* Task to carry out
Select every line below containing the word "White".

* Supplied records

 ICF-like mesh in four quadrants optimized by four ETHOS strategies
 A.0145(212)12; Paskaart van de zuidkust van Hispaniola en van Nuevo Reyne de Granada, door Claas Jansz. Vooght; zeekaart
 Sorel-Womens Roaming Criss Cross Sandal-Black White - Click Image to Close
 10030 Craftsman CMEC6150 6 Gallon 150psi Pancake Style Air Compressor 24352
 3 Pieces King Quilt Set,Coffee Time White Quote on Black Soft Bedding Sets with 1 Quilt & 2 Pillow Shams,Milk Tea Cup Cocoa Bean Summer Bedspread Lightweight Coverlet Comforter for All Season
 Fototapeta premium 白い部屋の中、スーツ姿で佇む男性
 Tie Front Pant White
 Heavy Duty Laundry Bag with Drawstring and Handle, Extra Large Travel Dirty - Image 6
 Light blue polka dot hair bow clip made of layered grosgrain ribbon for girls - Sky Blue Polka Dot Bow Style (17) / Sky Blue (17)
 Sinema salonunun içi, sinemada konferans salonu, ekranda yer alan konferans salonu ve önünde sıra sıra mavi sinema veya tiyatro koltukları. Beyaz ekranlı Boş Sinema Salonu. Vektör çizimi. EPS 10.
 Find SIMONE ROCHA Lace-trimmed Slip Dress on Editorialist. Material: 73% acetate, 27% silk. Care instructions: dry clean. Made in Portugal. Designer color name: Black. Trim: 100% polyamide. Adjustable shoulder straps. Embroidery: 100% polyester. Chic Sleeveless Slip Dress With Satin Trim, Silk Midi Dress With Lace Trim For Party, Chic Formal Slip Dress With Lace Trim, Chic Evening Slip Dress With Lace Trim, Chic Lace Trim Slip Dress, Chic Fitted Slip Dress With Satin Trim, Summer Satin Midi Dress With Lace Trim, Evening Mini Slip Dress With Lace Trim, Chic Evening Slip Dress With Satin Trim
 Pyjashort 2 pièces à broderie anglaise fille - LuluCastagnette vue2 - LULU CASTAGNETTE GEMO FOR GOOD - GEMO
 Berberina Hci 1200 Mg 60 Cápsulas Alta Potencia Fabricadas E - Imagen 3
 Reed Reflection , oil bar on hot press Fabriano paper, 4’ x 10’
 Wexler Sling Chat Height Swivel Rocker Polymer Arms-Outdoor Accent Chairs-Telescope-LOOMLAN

* Solution
 Sorel-Womens Roaming Criss Cross Sandal-Black White - Click Image to Close
 3 Pieces King Quilt Set,Coffee Time White Quote on Black Soft Bedding Sets with 1 Quilt & 2 Pillow Shams,Milk Tea Cup Cocoa Bean Summer Bedspread Lightweight Coverlet Comforter for All Season
 Tie Front Pant White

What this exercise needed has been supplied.